Badagam is connected to other parts of Odisha by the State Highway No. 17 which connects Berhampur at one end and Rayagada on the other. The nearest major town Parlakhemundi is just fifteen kilometers. Palasa is just forty kilometers away and Berhampur is 120 km away. The nearest National Highway (N.H–5) junction is at around forty kilometers from Badagam. The nearest operational railway station is Parlakhemundi which is 15 km away. The narrow gauge railway line (called Naupada-Gunupur Rail line) running through this town has been converted to broad gauge, and starting 20 December 2010 a regular train started from Paralakhemundi to Puri.

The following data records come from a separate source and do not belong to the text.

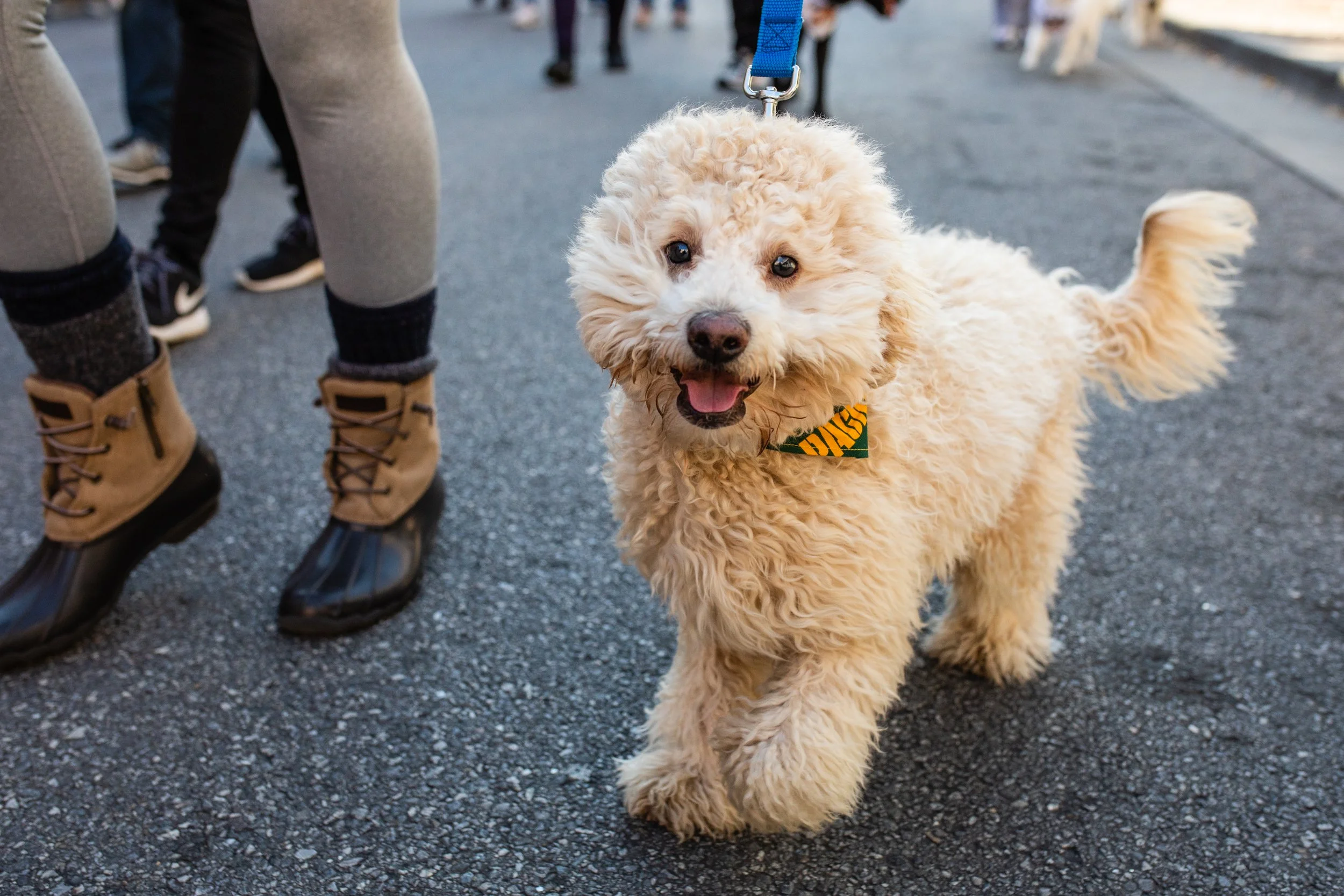 A happy cream-colored curly-haired dog on a leash standing on a street, with people walking nearby.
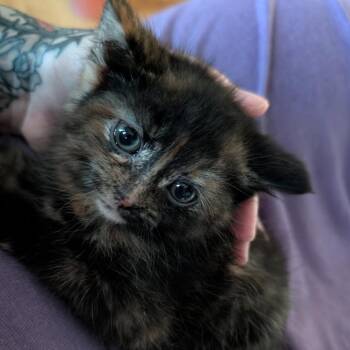 Mystique -  Domestic Short Hair Cat for Adoption in Silver Spring, Maryland - Mystique | PetCurious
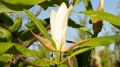 Magnolia biała PARASOLOWATA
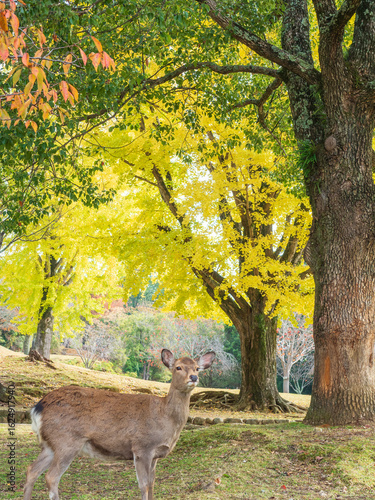 A photograph of a deer standing on a grassy area, surrounded by the vibrant colors of autumn foliage.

The nearest Airport is the Alluri Sitarama Raju International Airport, which is at a distance of 180 km.

The O.S.R.T.C. (Odisha State Road Transport Corporation) and private buses connect the town to other parts of Odisha and nearby towns of Andhra Pradesh. The town is well connected to Bhubaneswar, Bramhapur, Rayagada, Jeypore, Gunupur, Visakhapatnam, Srikakulam, Palasa, Bhawanipatna, Nabrangpur, Cuttack, Rourkela, etc. by road.